In his state-of-the-association address Thursday, Mark Emmert, the N.C.A.A. president, spoke of the “sliver” of athletes who play top-tier football and Division I men’s basketball and a vast majority who do not.
“As you collectively and each of your governing bodies make decisions, we need to make sure that the success of the 3 percent doesn’t come at the cost of the 97 percent,” he said.
Yet in response to lawsuits, outside critics, a unionization drive and the threat that the five richest conferences would form a new, autonomous division, the N.C.A.A. has acknowledged that the 3 percent are different, and it has treated them differently.
By allowing privileges for its richest conferences and most popular sports, the N.C.A.A. risks confirming some of the legal theories being deployed against it. The decision in the Ed O’Bannon case, barring the N.C.A.A. from denying athletes the right to make money off their names, images and likenesses, concerned only top football and Division I men’s basketball players. And a broader lawsuit, which seeks to establish a free market for athletes, says it targets those two sports because they are, “combined, among the most lucrative products in U.S. sports.”
Closing the autonomy meetings to other conferences — including ones that might wish to adopt the legislation — might have been an unforced error.
“It doesn’t create the kind of camaraderie and sense of cooperation that there should be,” said Mike Aresco, the American Athletic Conference commissioner.
Autonomy is only the most obvious manifestation of the N.C.A.A.’s new course.

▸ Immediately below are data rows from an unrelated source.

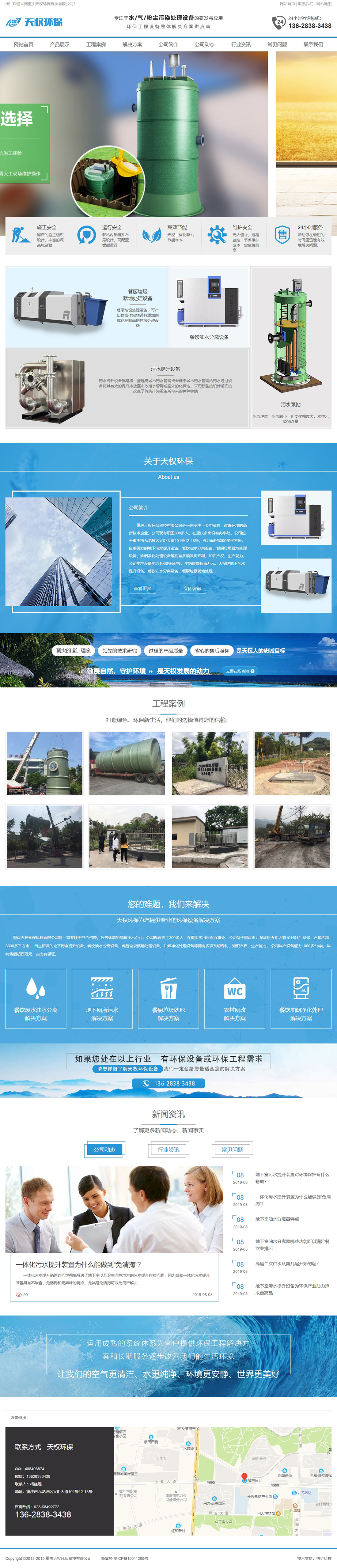 重慶網站建設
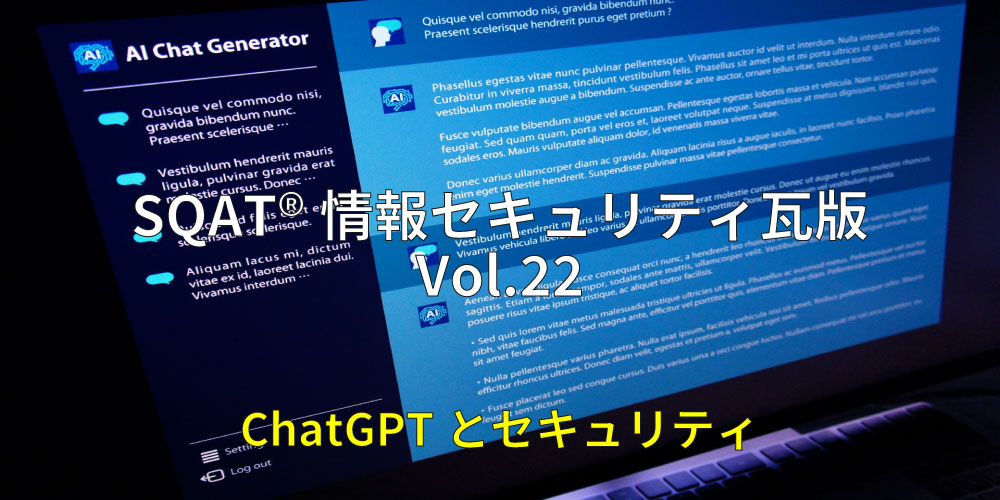 瓦版vol.22アイキャッチ画像（ChatGPTのイメージ）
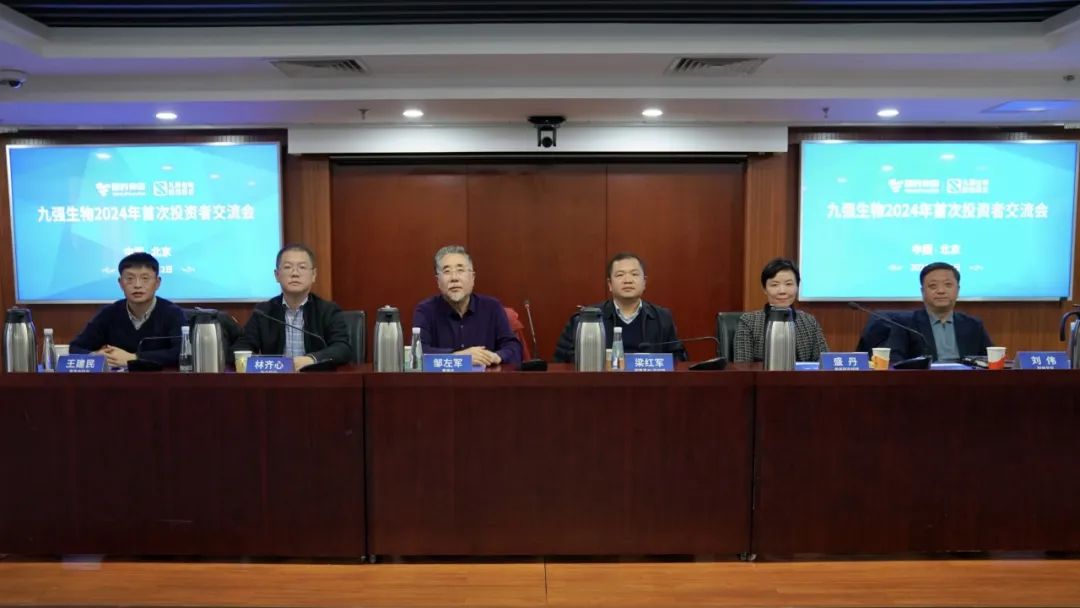 九強(qiáng)生物2024年首次投資者交流會(huì)順利召開(kāi)！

Another recent instance was the association’s announcement that it would permit the College Football Playoff to reimburse athletes’ families for travel expenses and would allow reimbursements for the Division I men’s and women’s basketball Final Fours.
Emmert said that the decision had been influenced by the high visibility of the Division I men’s basketball tournament.
“While there are 87 other championships the N.C.A.A. conducts, none of them are revenue producers in the same way, of course, that the men’s championship is,” Emmert said.
Many fear that spending more resources at the top could cause harm closer to the bottom, leading to what DeBoer called a “Division I Hunger Games,” with several sports liable to be reduced or cut.
“This is going to change the complete landscape,” said Jay Jacobs, Auburn’s athletic director. “There are going to be fewer opportunities and more conversations about numbers of scholarships, including in football.”
The loudest dissenter to the new N.C.A.A. normal was Boston College, an A.C.C. member, which cast the only vote against giving athletes the full cost of attendance.
A private institution that does not publicly release financial numbers, Boston College is based in a region generally more interested in professional sports. In 2011, Forbes reported that the college’s football revenue was dwarfed by that of universities in the other major conferences.
“Boston College is concerned with continuing to pass legislation that increases expenses,” the associate athletic director Chris Cameron said in a statement Saturday.
Yet it may ultimately be more difficult for the N.C.A.A. to cling, even rhetorically, to the notion that all its colleges and athletes are roughly equivalent. Some sports, and some teams, are more popular and therefore more profitable than others.
“These guys have earned it; I don’t begrudge them that,” said Yeager, the Colonial Athletic commissioner. “The scope of their programs — dramatically different.”
He added: “The difficulty is, you can’t manufacture interest. It is what it is.”